CRÍTICA ÓPERA

Aida en Córdoba: «Ritorna vincitor»

Carlos Domínguez-Nieto se despide con una gran interpretación de la obra verdiana donde la cordobesa Lucía Tavira triunfó en el rol titular

El aplauso cálido y más largo de lo habitual con el que fue recibido Carlos Domínguez-Nieto al subir al podio del foso dejó a las claras el sentimiento de gratitud profunda de la melomanía cordobesa con quien ha sido, posiblemente, la persona de referencia de la vida musical de la ciudad y responsable directo de los excelentes resultados artísticos de la Orquesta en estos años, más allá de los turbios acontecimientos que han rodeado su cese. Su vuelta al mando de la Orquesta para poner en pie la Aida del 150 aniversario del Gran Teatro puede calificarse, como el de Radamés, un retorno vencedor. Sobre el director recayó el peso de la velada, llevada con mano firme y sin caída alguna de tensión. Desde el directo y bien dibujado preludio, la tensión de la escena entre Amneris y Aida, el juicio del Acto IV o todo el final, cuajado de detalles de enorme creatividad, ese mundo sonoro que asociamos al lenguaje verdiano estuvo presente en todo momento. Sostuvo con primor a las voces y resolvió de forma muy inteligente la comprometidísima Marcha triunfal, que llegó a adquirir auténtica grandeza pese a la limitación de medios a base de acumulación de tensiones y un acertado juego de retenciones de tempo.

Si las dos funciones previstas, esta y la del próximo domingo, están dedicadas a la memoria del recientemente desaparecido Pedro Lavirgen, el inolvidable Radamés, en ellas se detecta el anhelo de entronizar como nueva estrella de la lírica cordobesa a la soprano Lucía Tavira. Y con razón. Tavira, de medios líricos y gran volumen gracias a un uso muy expresivo del vibrato, compuso una Aida apasionada, cantada de arriba a abajo. Sus enfrentamientos con Amneris, una María Luis Corbacho de voz dura y grande, algo tremolante y con una tendencia al parlato mayor de lo deseable, fueron de alto voltaje. Mejor resuelto el Numi pietà que la comprometida escena del Nilo, que pide un canto de mayor ensimismamiento. En cualquier caso, triunfo indiscutible.

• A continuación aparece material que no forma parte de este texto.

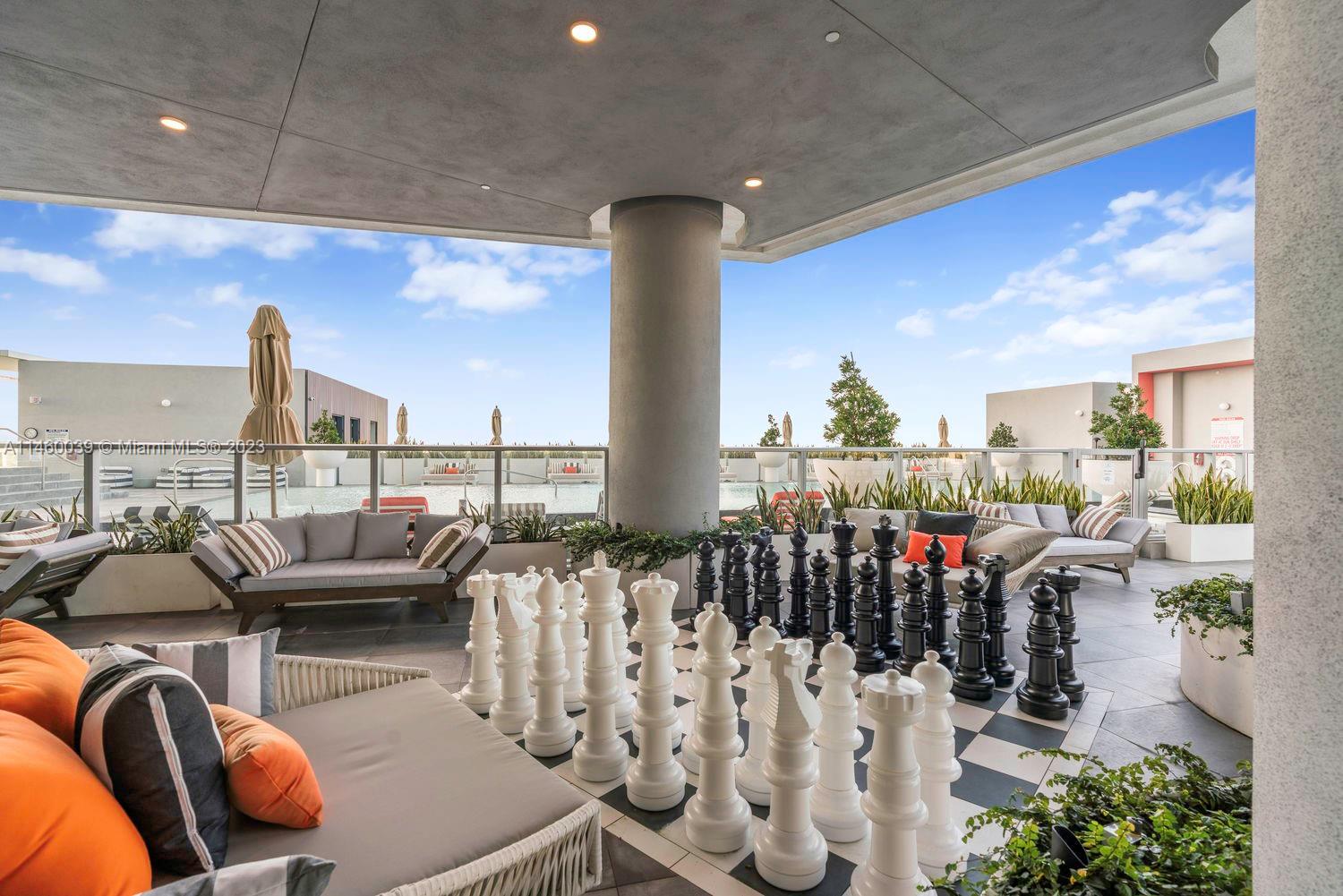 METROPICA NORTH TOWER ONE - Residential Lease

El trío protagonista se completó con el tenor Eduardo Aladrén, Radamés de voz homogénea y gran proyección, algo pálido en el fraseo, que impresionó sobre todo en las partes más heroicas. Magnífico el barítono Javier Franco como Amonasro, con gran entrega y acentos de rara pureza verdiana que dotaron de un especial magnetismo a su personaje. Demasiado liviano para nuestro gusto el Ramfis del bajo Francisco Santiago, sobre todo al lado del impresionante Rey de Alejandro López, de voz cavernosa e impresionante presencia escénica. Eficaz el Coro Ziryab, al que faltó un apoyo más firme en los bajos, y concentrada la Orquesta de Córdoba, que dio la excelente respuesta habitual cuando toca con su ya ex-titular.

Mención aparte para todo el apartado escénico, con una escenografía chata en su intento de combinar realismo y abstracción —esos bastidores geométrico— y una dirección de cantantes inexistente. El adecuado minimalismo, por ejemplo, del inicio de la Marcha Triunfal, con el coro recortado ante un cielo ocre del desierto, desapareció como un espejismo en cuanto fue proyectada la efigie de un gigantesco Horus dorado (!). Tampoco se entendía que los pérfidos soldados etíopes fueran hombres y mujeres vestidos igual que el resto del pueblo egipcio. Lunares que, en cualquier caso, no restan la grandeza musical de una velada muy satisfactoria, de muchos vencedores, que nos trajo los aromas del Nilo a las orillas del Guadalquivir.